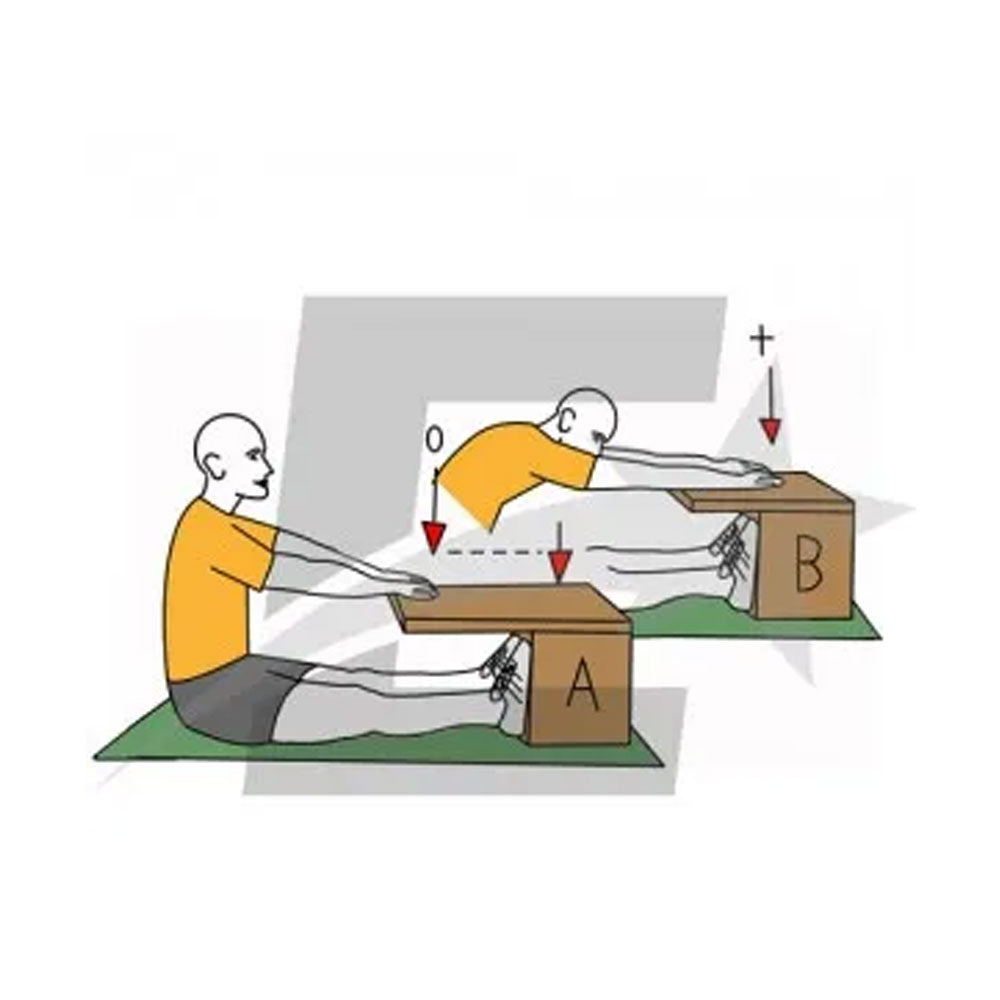 Cajón de madera para pruebas de flexibilidad corporal F&H Fitness®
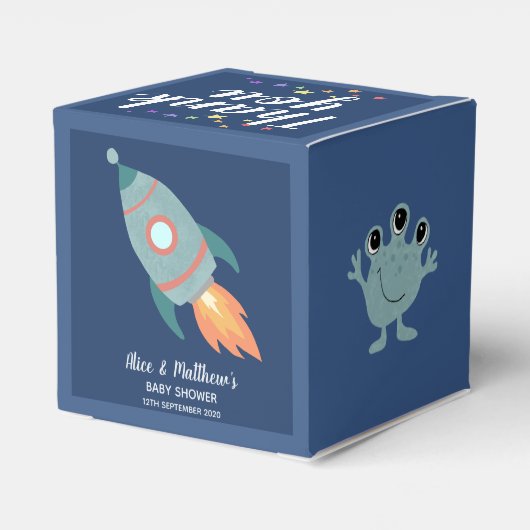 Boys Niedlich Space Alien Rocket Baby Dusche Geschenkschachtel (Rückseite)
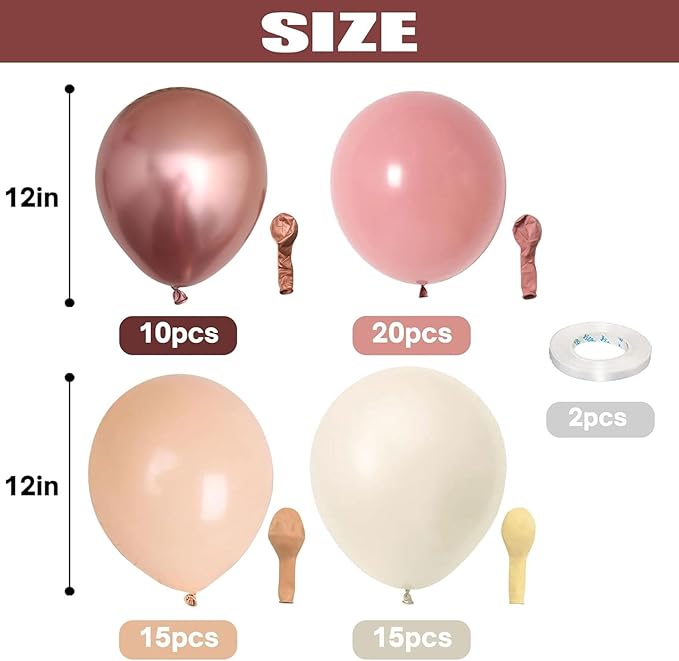 Retro Blush Pink Balloons, 60 Packs 12 Inch Dusty Pink Metallic Chrome Rose Gold White Sand Nude Balloons for Pumpkin Baby Shower Girls Women Boho Birthday Bridal Wedding Mothers Day Decorations
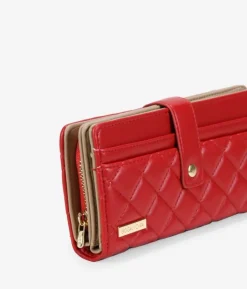 Femme Bosanova Portefeuilles | Portefeuille rectangulaire rouge avec coutures et fermeture éclair
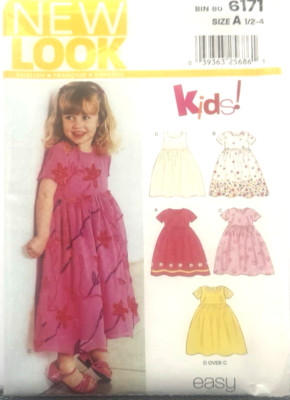 Simplicity New Look Pattern #6171 - Girl's Dress (Size 1/2 - 4)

= = = =

Write out each entry word for word, images excluded.

 Cajón de madera para pruebas de flexibilidad corporal F&H Fitness®
 Boys Niedlich Space Alien Rocket Baby Dusche Geschenkschachtel (Rückseite)
 Retro Blush Pink Balloons, 60 Packs 12 Inch Dusty Pink Metallic Chrome Rose Gold White Sand Nude Balloons for Pumpkin Baby Shower Girls Women Boho Birthday Bridal Wedding Mothers Day Decorations
 Femme Bosanova Portefeuilles | Portefeuille rectangulaire rouge avec coutures et fermeture éclair
 Simplicity New Look Pattern #6171 - Girl's Dress (Size 1/2 - 4)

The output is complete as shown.